A New York–based architectural historian and community urban planner with over thirty years of experience working in cities around the country, Isabel turned to filmmaking as a way to try to democratize the development and planning process. Her films give voice to residents and civic leaders who many times are not heard and bring the larger truth in focus about what creates, and sometimes destroys, our neighborhoods. Made in Brooklyn and Brooklyn Matters have been shown on PBS stations across the country and in Canada. Isabel’s most recent film, Blind Faith, gives voice to a very different community. A personal story which was 14 years in the making about Isabel’s daughter, Anna, and her blind father, David; the film traces complex, deepening, and changing family relationships and shows the everyday but often invisible challenges that the blind community faces.
Films by Isabel Hill
Blind Faith follows the stirring personal journey, both intimate and universal, of a man coming to terms with his disability and struggling with the roles of father, husband, and successful entrepreneur, breaking through the myths of blindness and broadening our understanding of the complex hidden realities facing the blind community.

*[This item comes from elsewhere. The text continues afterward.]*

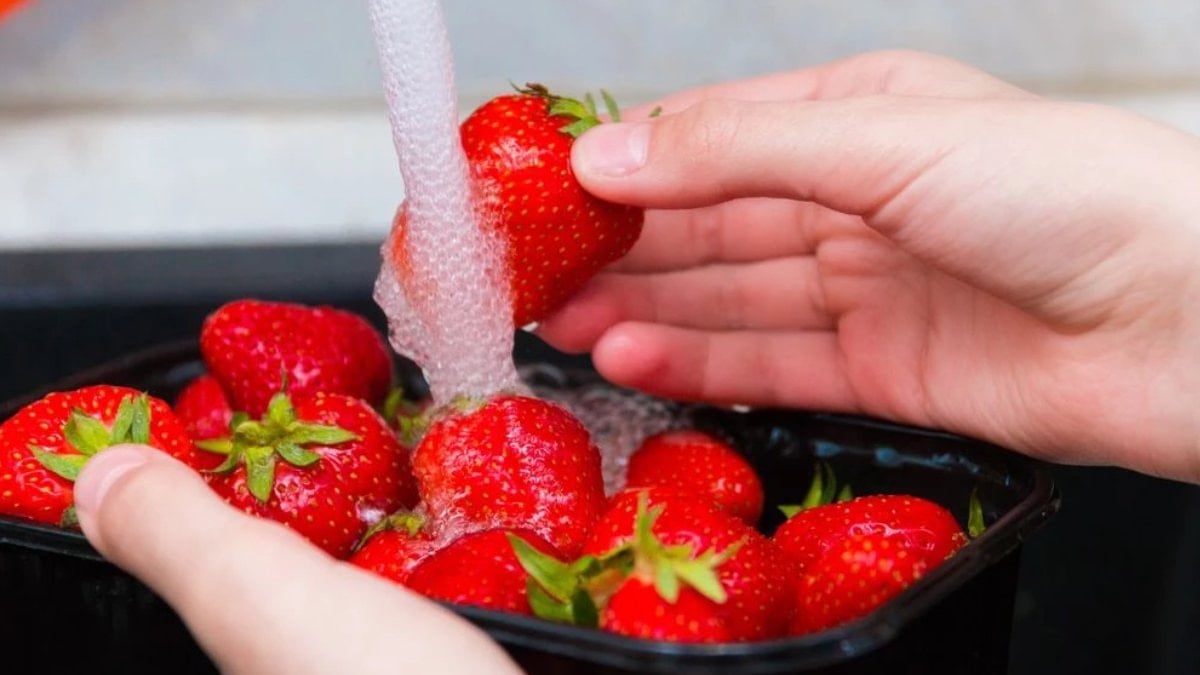 İşte çileklerin ömrünü uzatan saklama sırrı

Brooklyn Matters is a riveting look at how big real estate, politics, community voices, and the desperate need for jobs and affordable housing clash in one of the largest development proposals in the history of New York City. The film is important for anyone concerned with who has a voice and who has a vote in shaping the future of our cities.
The compelling stories of factories that flourish in Brooklyn challenge the notion that manufacturing is dead in America. Workers reveal how their jobs bring not only regular paychecks but meaningful relationships, enhanced self-esteem, and pride in themselves and their products.